Like the V12 Vantage before it, the new S is the most raw and visceral model in the Aston Martin range, but with a boost in power and some serious updates it promises even more performance, and is even available in Roadster form as well.
Replacing the 510bhp 5.9-litre V12 engine from the DBS is the revised AM28-spec 5.9 V12 that makes a staggering 565bhp at 6750rpm. Torque is up 27lb ft at its peak to 457lb ft and the curve is fattened up, especially at the bottom, where 376lb ft is available from just 1000rpm.
While at idle, the V12 sounds authoritative and commands your attention because there is a disparity between what your eyes see, your ears hear, and what your bones feel.

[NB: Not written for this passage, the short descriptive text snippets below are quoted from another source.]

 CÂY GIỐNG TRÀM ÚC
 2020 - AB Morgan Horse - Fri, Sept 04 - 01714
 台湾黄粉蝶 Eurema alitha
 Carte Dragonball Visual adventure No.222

At first glance, you immediately think that a Vantage shouldn’t sound like it has six litres of engine displacement - but this one certainly does.
Outside the car, you feel the low frequency pulses that can only come from a large displacement V12. At full song, it fulfils our wishes for how an unrestrained Aston Martin engine should sound, embodying pure, unbridled aggression.

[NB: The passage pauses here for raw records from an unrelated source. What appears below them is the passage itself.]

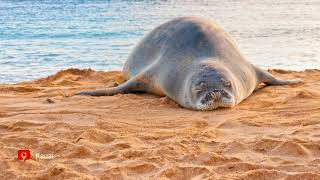 Where To See Monk Seals on Kauai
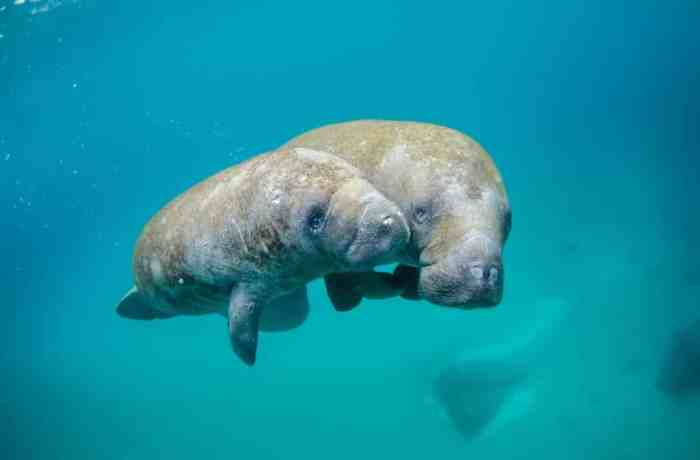 Manatee facts manatees florida dugongs fun beach tide red toxic human mote exposed help apollo trip take difference between fish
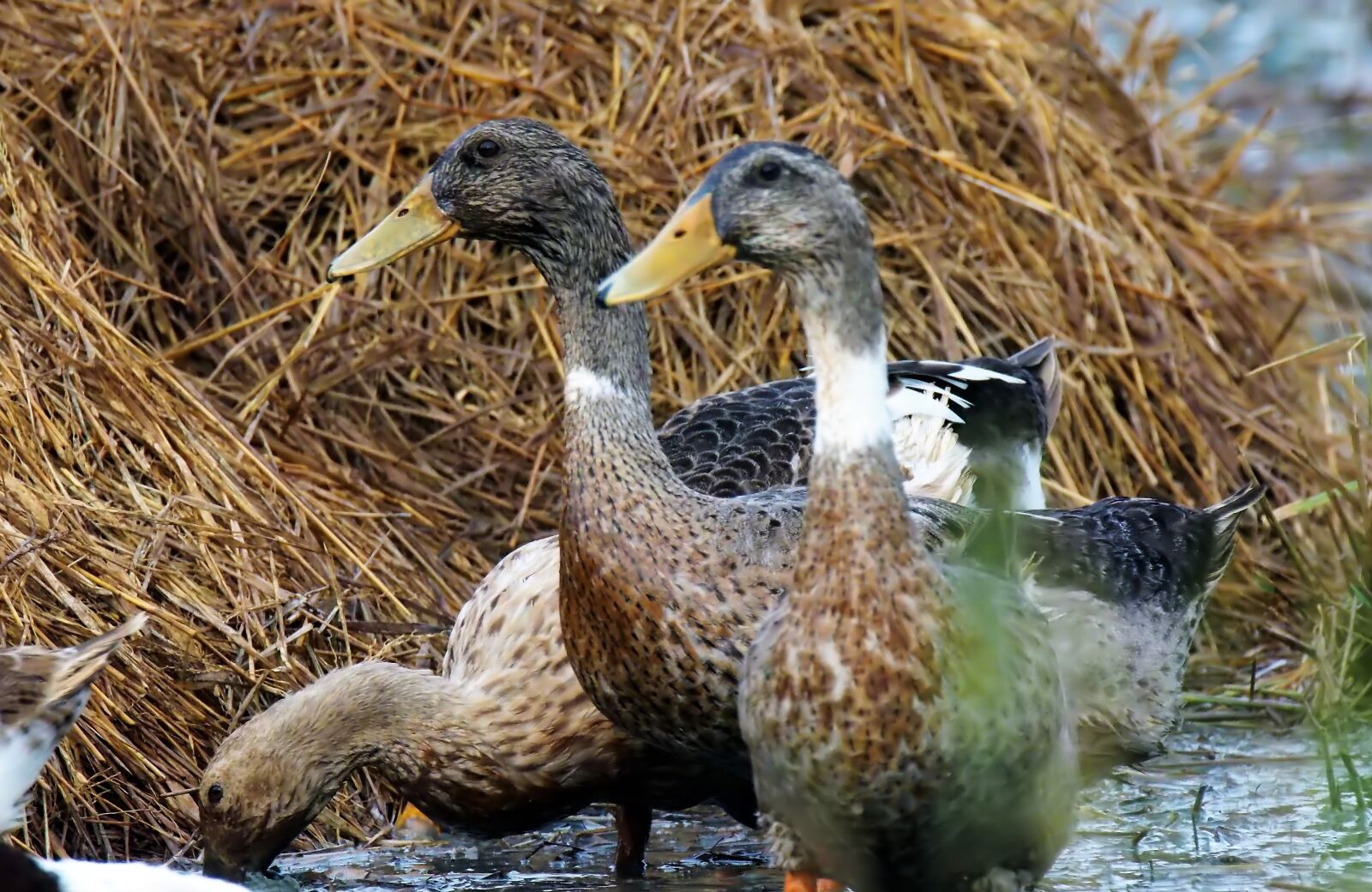 Olympus OM-D E-M1 sample photo. Ducks, animal, bird photography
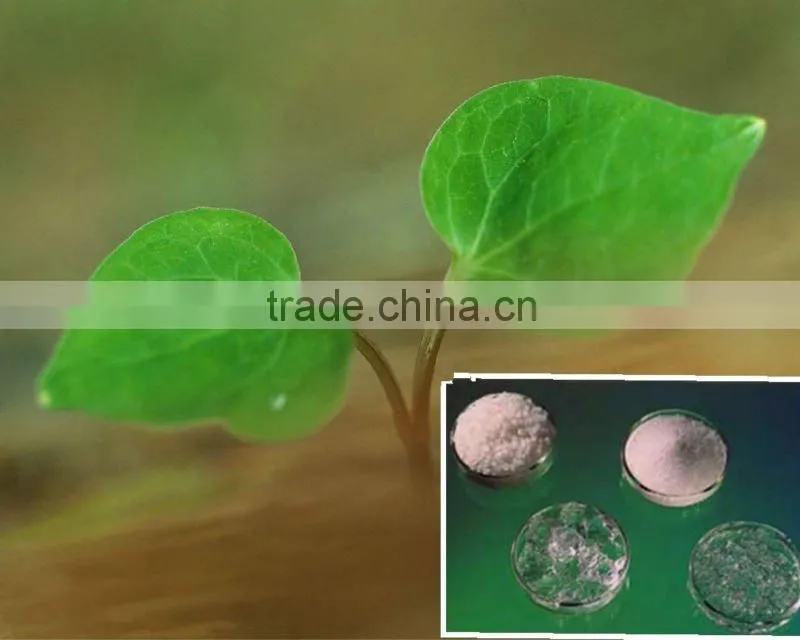 Water absorbent polymer SAP super absorbent polymer for diaper or agriculture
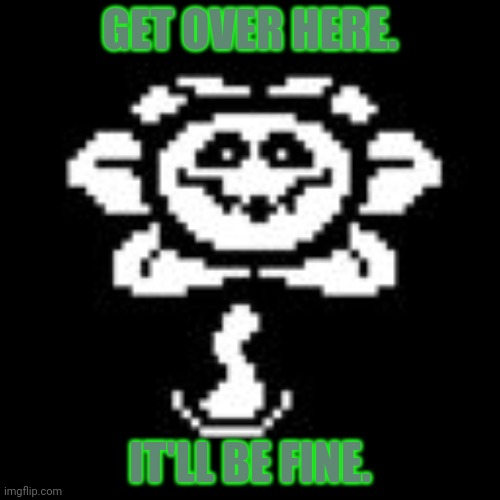 Flowey | GET OVER HERE. IT'LL BE FINE. | image tagged in flowey | made w/ Imgflip meme maker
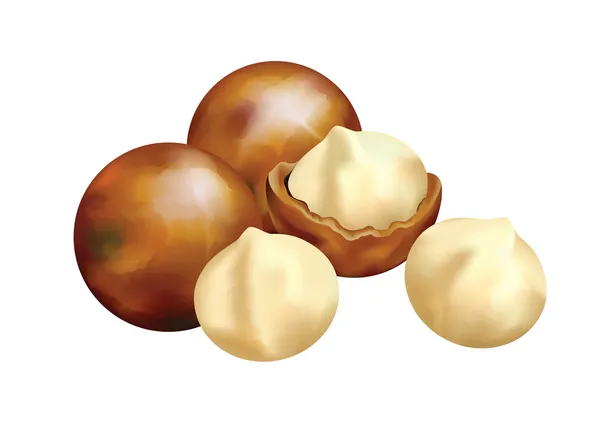 Nuts of Macadamia. — Stock Vector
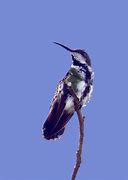 Image result for Aglaeactis Trochilidae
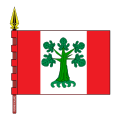 Bandeira de Paderne de Allariz, Ourense.[10]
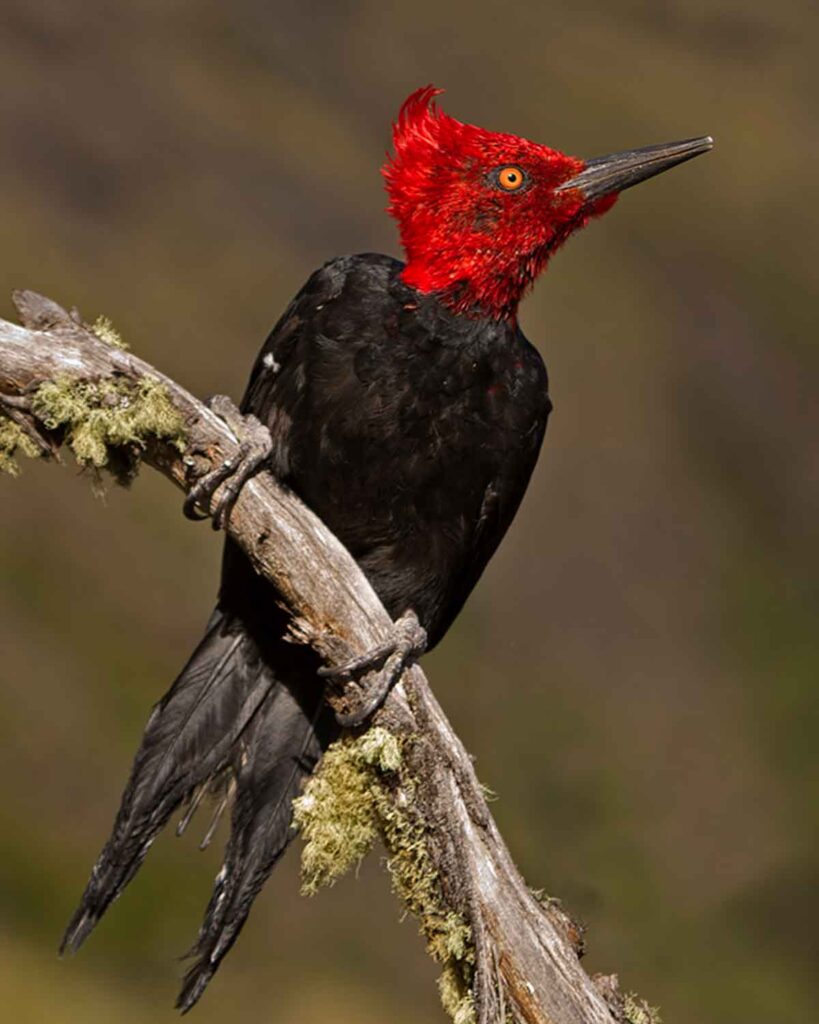 Carpintero Negro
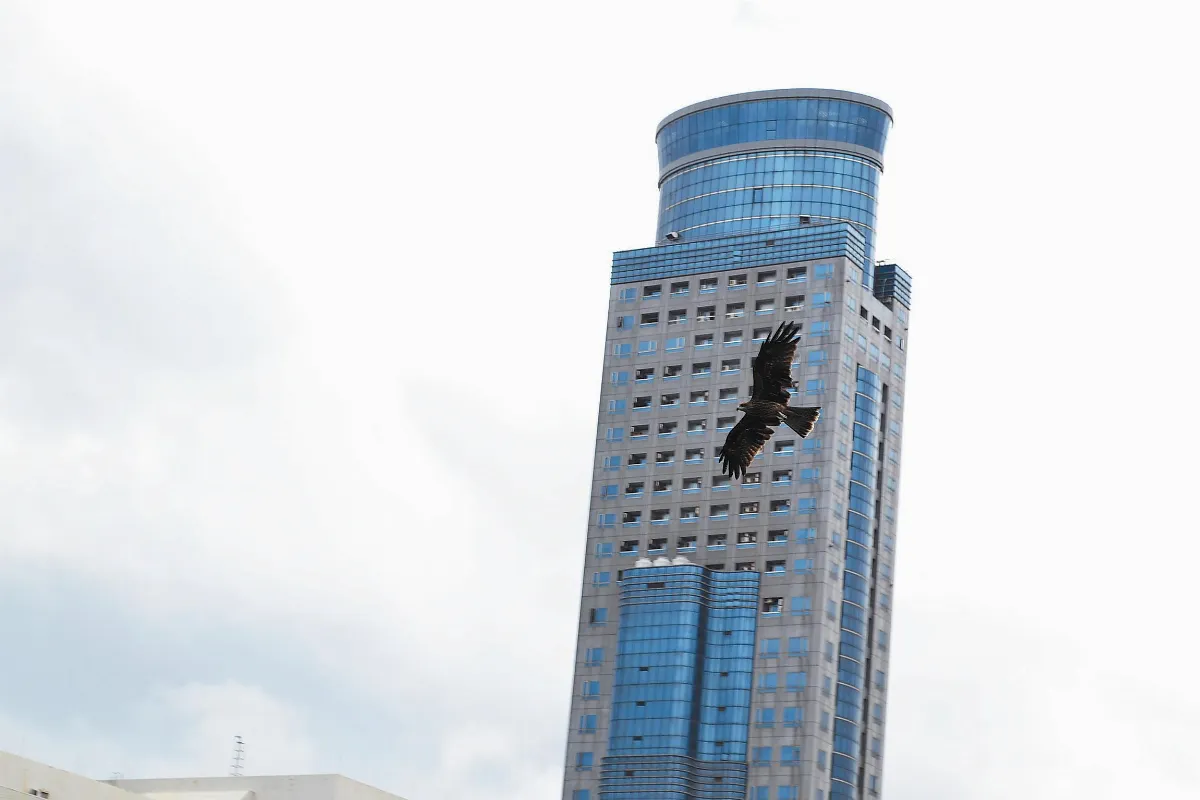 基隆港的黑鳶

Whether we like it or not, the manual, six-speed gearbox has been replaced by a decidedly improved Sportshift III seven-speed automated manual. Given that fewer enthusiast cars are available with true manual boxes (including the Porsche 911 GT3), it’s no surprise Aston Martin took this direction.
The Sportshift III is the latest development of the company’s automated manual that we’ve seen on the likes of the Aston Martin V8 Vantage S, for example. On the positive side, downshifts are impeccable and audibly rewarding, with the right kick of the throttle and perfect timing for clutch release.
After a downshift, the pops and burbles from the exhaust on overrun are simply delightful. In addition, you’ll never be able to make the expensive, potentially tearful, fifth-to-second downshift. Furthermore, this Graziano-sourced box saves 25 kilogrammes over the old manual transmission.
Compared to Porsche’s PDK and Audi’s S tronic twin-clutch auto gearboxes, the Vantage’s gearbox feels antiquated, but as long as you treat it for what it is – an automated manual – it can be especially rewarding. Upshifts are accomplished faster than a human-operated shift, just not as quick as its dual-clutch auto stablemates.